7選を目指した現職の橋本昌氏は落選し、共産党が推薦した鶴田真子美氏も及ばなかった。
橋本氏が落選した主因は主権者の多選批判である。橋本氏はこれまでに6選されている。24年間にわたり県政を支配してきた。多選批判が出るのは当然だ。
全国では橋本氏を含めて4期以上務めている知事が13人いる。このなかで、6期が今回落選した茨城県の橋本昌氏と石川県の谷本正憲知事の2名である。
兵庫県の井戸敏三知事は本年7月2日の選挙で5選された。5選は井戸知事ただ一人である。
これ以外に4選知事が全国に10名いる。

石川県では来年3月までに知事選が実施される。
谷本氏が7選を目指すとすれば、多選批判が沸騰することは間違いない。多選は政治腐敗の土壌になる。
米国大統領にも多選禁止規定がある。大統領は2期8年までしか務められない。
多選を阻止しようとするのは、健全な民主主義社会を構築するうえでの主権者としての当然の行動である。

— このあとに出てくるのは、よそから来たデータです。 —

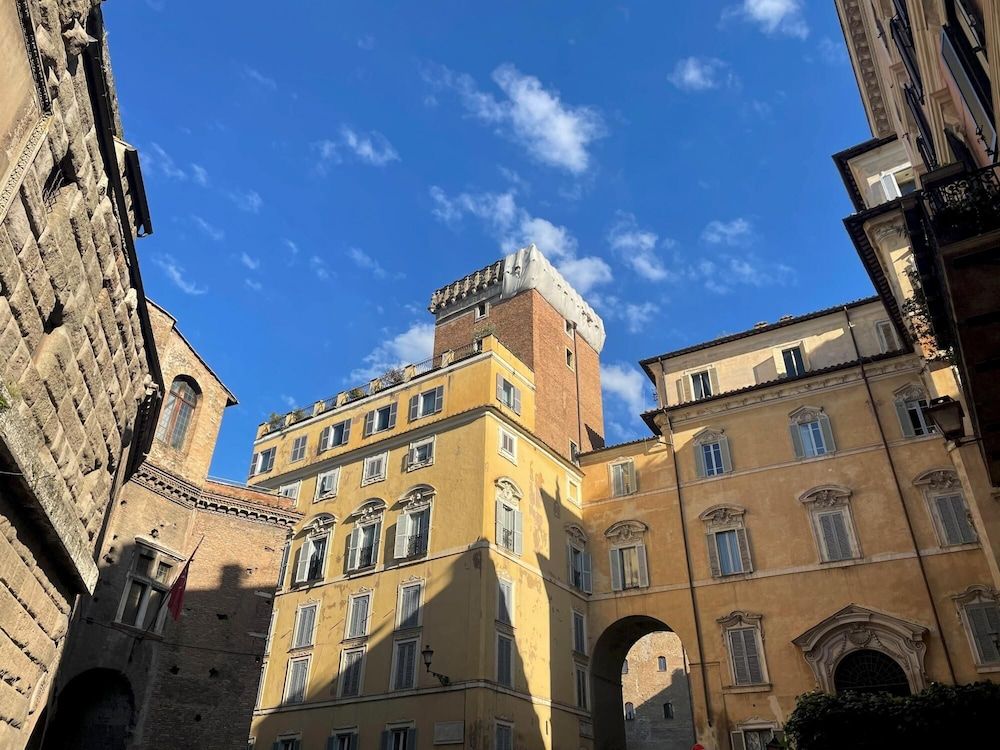 undefined Rm-h501-pale6n5 Monti Apartments - M18 4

茨城県では橋本氏の多選批判の世論を自公が吸収してしまったのである。
茨城県知事選では原発再稼動の是非も争点に浮上した。有権者の多数は原発再稼動に反対していると考えられるが、この点よりも「多選阻止」が優先されてしまったのだと言える。

安倍政権が森友疑惑、加計疑惑で、権力私物化、腐敗政治の馬脚を現した。安倍首相は森友疑惑で「自分や妻がかかわっていたら総理大臣も国会議員も辞めることははっきりと申し上げておきたい」と明言している。
森友疑惑は首相退陣に直結する重大事案である。その森友疑惑の核心人物である安倍昭恵氏が、いまだに一切の説明責任を果たしていない。このような無法が許されるわけがない。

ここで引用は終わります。